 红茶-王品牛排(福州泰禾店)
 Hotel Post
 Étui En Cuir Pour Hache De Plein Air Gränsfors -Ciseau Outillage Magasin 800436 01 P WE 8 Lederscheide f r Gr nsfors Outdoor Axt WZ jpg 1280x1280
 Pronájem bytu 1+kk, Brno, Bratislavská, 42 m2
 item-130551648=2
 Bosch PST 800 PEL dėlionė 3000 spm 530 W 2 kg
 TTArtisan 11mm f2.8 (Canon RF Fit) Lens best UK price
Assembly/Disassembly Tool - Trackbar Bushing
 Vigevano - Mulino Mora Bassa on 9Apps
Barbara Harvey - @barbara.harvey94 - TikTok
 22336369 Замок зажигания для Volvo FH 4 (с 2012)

==

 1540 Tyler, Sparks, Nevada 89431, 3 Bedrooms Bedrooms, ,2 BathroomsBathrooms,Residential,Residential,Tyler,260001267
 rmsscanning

* * *

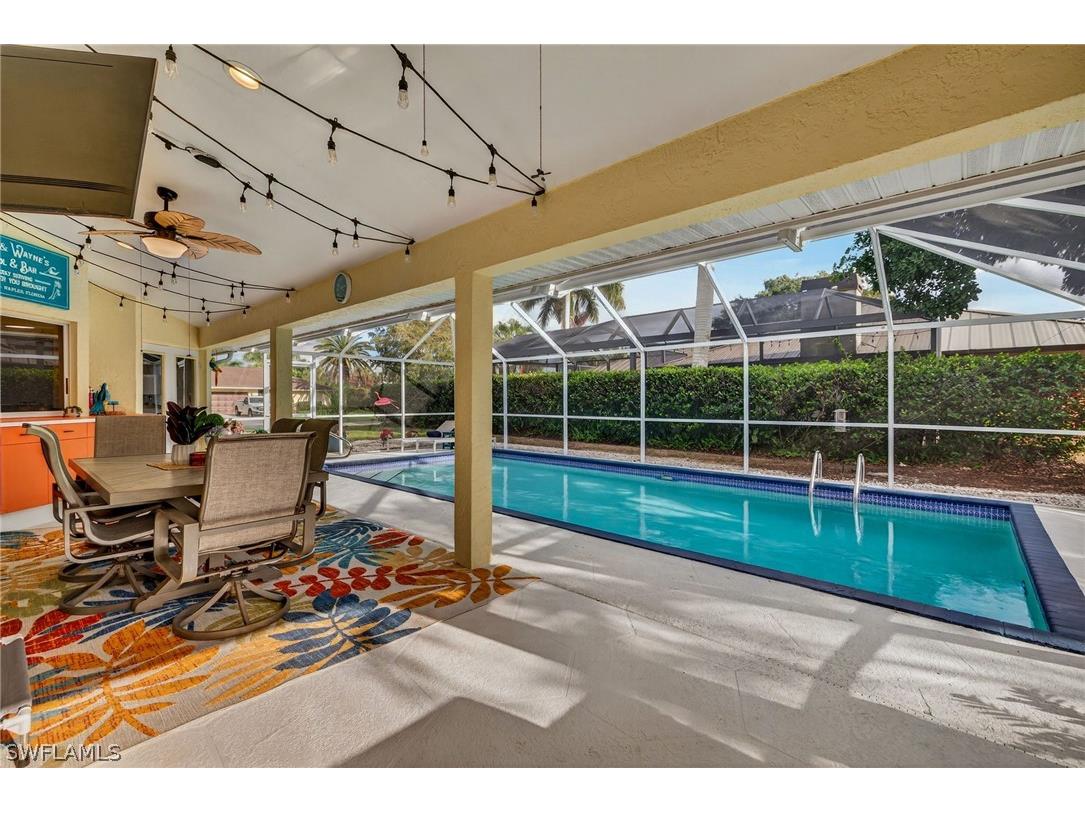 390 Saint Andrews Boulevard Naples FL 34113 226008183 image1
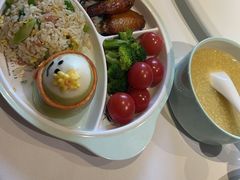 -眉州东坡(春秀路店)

*Aim of the task:*
Starting at the line above that contains "390 Saint Andrews", transcribe every line exactly through the line that contains "-眉州东坡(春秀路店)", including that last one, and skip the pictures.

*Answer to this exercise:*
 390 Saint Andrews Boulevard Naples FL 34113 226008183 image1
 -眉州东坡(春秀路店)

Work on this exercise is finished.